Your assignment:
Starting with the line that has "Wholesale High Quality" and finishing with the line that has "Venkovní koš se", set down each line below exactly. Pictures are not copied.

Data excerpts:

########################################

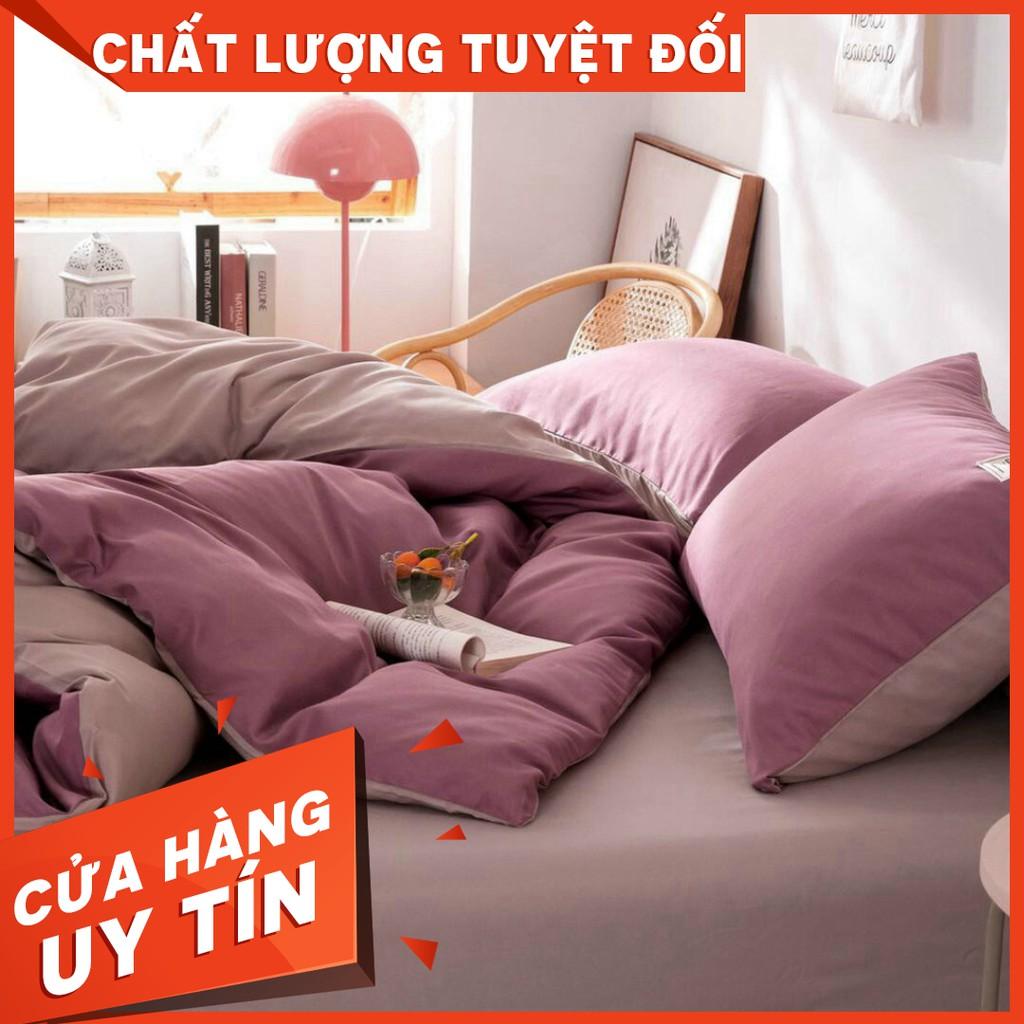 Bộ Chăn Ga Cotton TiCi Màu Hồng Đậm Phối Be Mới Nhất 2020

########################################

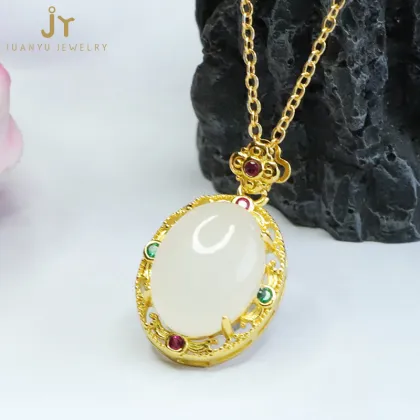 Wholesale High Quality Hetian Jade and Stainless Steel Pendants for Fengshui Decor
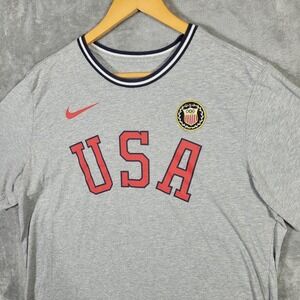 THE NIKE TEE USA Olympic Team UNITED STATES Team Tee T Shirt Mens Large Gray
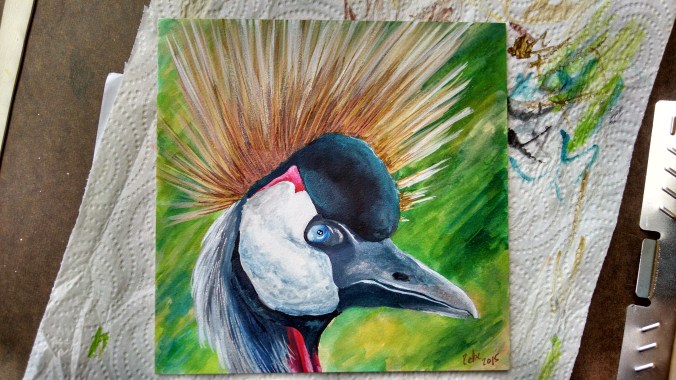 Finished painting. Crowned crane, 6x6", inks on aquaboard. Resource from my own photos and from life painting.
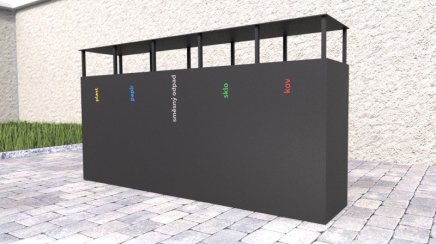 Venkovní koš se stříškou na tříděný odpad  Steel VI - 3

########################################

Reply:
 Wholesale High Quality Hetian Jade and Stainless Steel Pendants for Fengshui Decor
 THE NIKE TEE USA Olympic Team UNITED STATES Team Tee T Shirt Mens Large Gray
 Finished painting. Crowned crane, 6x6", inks on aquaboard. Resource from my own photos and from life painting.
 Venkovní koš se stříškou na tříděný odpad  Steel VI - 3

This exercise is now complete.